Pour couronner tout ça, Phil Jackson a commencé à blâmer Carmelo Anthony durant ses derniers mois à la tête des Knicks. Il y a d’abord eu cet article très critique envers Melo signé Charley Rosen, un proche du Zen Master. Et puis ensuite, c’est Jackson lui-même qui s’en est pris à Anthony, en soulignant son style de jeu trop individualiste avant de déclarer qu’un transfert serait mieux pour tout le monde. Ouch. Autrement dit, la relation était bien toxique entre le président et le franchise player de New York à ce moment-là. Et cette relation s’est terminée à l’intersaison 2017, avec le départ des deux grands noms. Celui de Jackson tout d’abord, qui avait quand même annoncé qu’il était ouvert à un trade du très prometteur Kristaps Porzingis, puis celui de Carmelo Anthony, qui était chaud pour faire ses valises avant de finalement accepter un échange au Thunder. Le départ de Melo a évidemment sonné comme la fin d’une ère, car on parle d’un joueur emblématique des Knicks malgré le manque de succès collectif. Il a laissé de nombreux souvenirs aux supporters new-yorkais, avec cette belle saison 2012-13, ses nombreux cartons au scoring et quelques moments all-time dont on se souvient encore. Il y a eu ce match d’avril 2012 face aux Bulls, quand Anthony a planté 43 points avec deux énormes shoots du parking dans le clutch qui ont fait exploser le Garden. Il y a eu également cette performance mythique contre les Bobcats en janvier 2014 avec 62 pions au compteur, tout simplement le record du nombre de points inscrits au Madison. Ces moments-là, on ne peut pas les oublier, peu importe la gueule des Knicks aujourd’hui.

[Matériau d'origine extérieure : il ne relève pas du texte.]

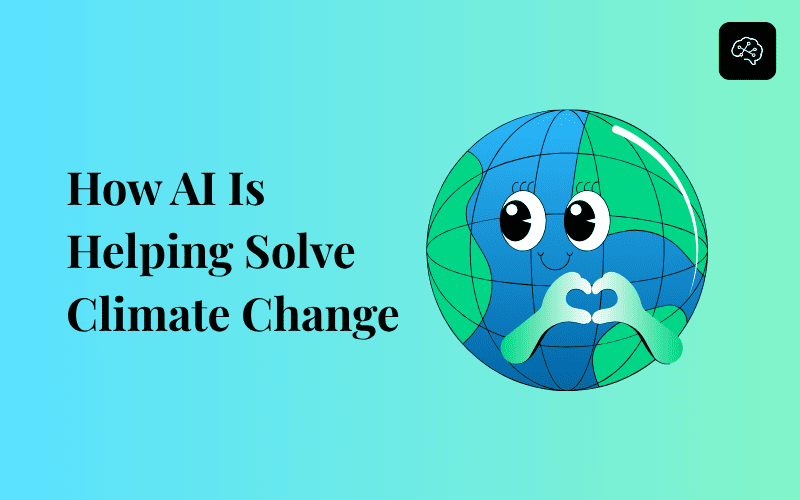 How AI Is Helping Solve Climate Change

Depuis le départ de Melo, les Knicks ont continué de creuser. La franchise new-yorkaise est devenue une véritable punchline, encore plus depuis l’été dernier où plusieurs superstars ont dit non au Madison Square Garden, pour mieux se diriger de l’autre côté du pont de Brooklyn. Un fail monumental, qui symbolise parfaitement l’état des Knicks actuellement.